Winslow’s father, Peter, is delighted to see his son enjoying his new sport and is incredibly grateful for the club’s welcoming attitude and attempts to including Josh, despite the physical challenges he faces.
“(Josh) loves to socialise and since we moved back from Hong Kong, this is probably the first time he’s been able to socialise with guys his own age, in a sport that he absolutely loves. (He’s) at a different level, of course, but he is having a blast and he’s getting fit at the same time so it’s really good for him,” Peter Winslow said.
“What (the Bears) are doing is really amazing and Joshie is an amazing boy as well. For him to be able to get out there and do it physically is a big thing, but for them to accept him for what he is, and for someone wanting to play the sport, I can’t commend them enough.”

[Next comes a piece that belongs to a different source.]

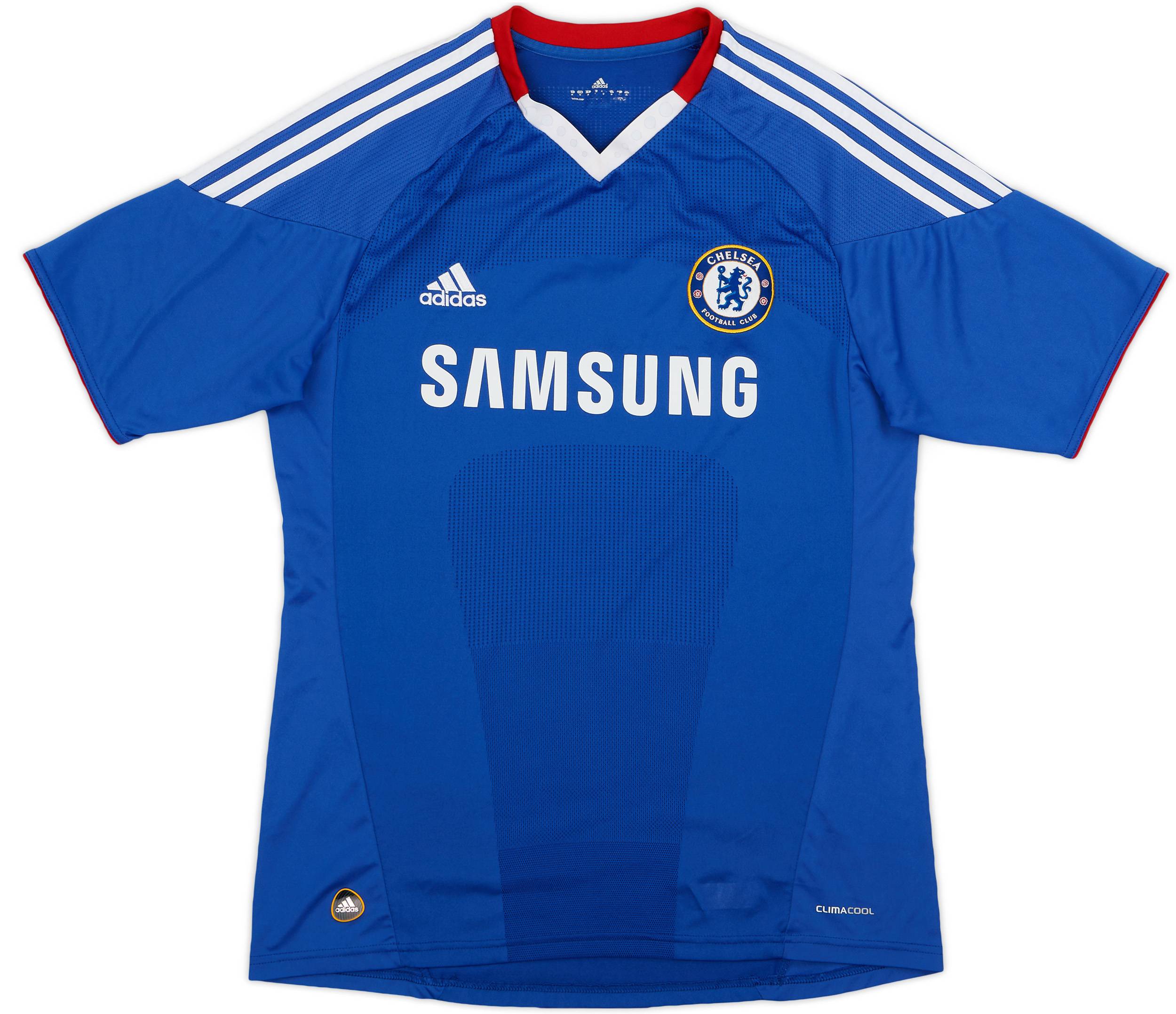 【2010/11 adidas Chelsea home L/S shirt】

Coach Clearihan has also been impressed by Josh’s commitment and rapid improvement over the last few weeks.
“He’s been fantastic. He has improved with his skills, his handballing, his kicking, his marking and that, he’s going really well. It’s fantastic (for him), and it’s good for footy too,” Clearihan said.
“Out there he is just one of the boys… (and) at the end of the day, I suppose that’s what local footy’s all about.”
After three consecutive top-three finishes in the SFNL’s Division 2 competition, including a Grand Final appearance in 2016, the Bears could be forgiven for focussing on their intensive preseason program at Winslow’s expense, in the hope of delivering the club a long-awaited senior flag at the end of the year. But instead, the players and coaches have included Winslow as much as they can to ensure that he enjoys his football and the club environment.
However, the club is cognisant of Winslow’s physical limitations, and as such the coaching staff will occasionally remove him from some the higher-intensity drills for his own safety. In those instances, a player from the rehab group usually will take Winslow aside to work on his kicking and handballing skills and ensure he remains included.
And the club’s remarkable balancing act between inclusion and performance is not lost on Peter Winslow.
“It’s quite amazing that, you know, you have a disabled kid out on the field and it doesn’t disrupt anything. It just takes a couple of players to say ‘come on, mate, go over there and grab this ball and (have a kick with us)’,” Winslow Snr said.
Casey said the club were leaving no stone unturned in the quest for the ultimate success but were also mindful of their responsibilities as a community sporting organisation to facilitate participation through inclusion.
“Once Joshie gets to the front of the drill and it’s his turn, the drill slows down for him so he can get his touch and have a bit of the play,” Casey said.
“At the same time, we don’t want it to affect our training, but we understand there’s a bigger picture here, and it’s not premierships, it’s not trophies, it’s not grand final appearances, its actually being community-spirited and opening up doors for people to be able to participate.
“And it’s growing the sport, so we are never going to knock somebody back from having a run.”
For the moment, Winslow is relishing the opportunity to have a kick with his new mates, and while we are unlikely to see him pull on a Bears jumper for a match anytime soon, the club is looking for ways to keep their new recruit involved in an official capacity come the season proper.
As Clearihan says, it characters like Winslow that make footy clubs what they are.
“Blokes like Joshie are the heartbeat of the club, and you don’t know how lucky you are to have them,” he said.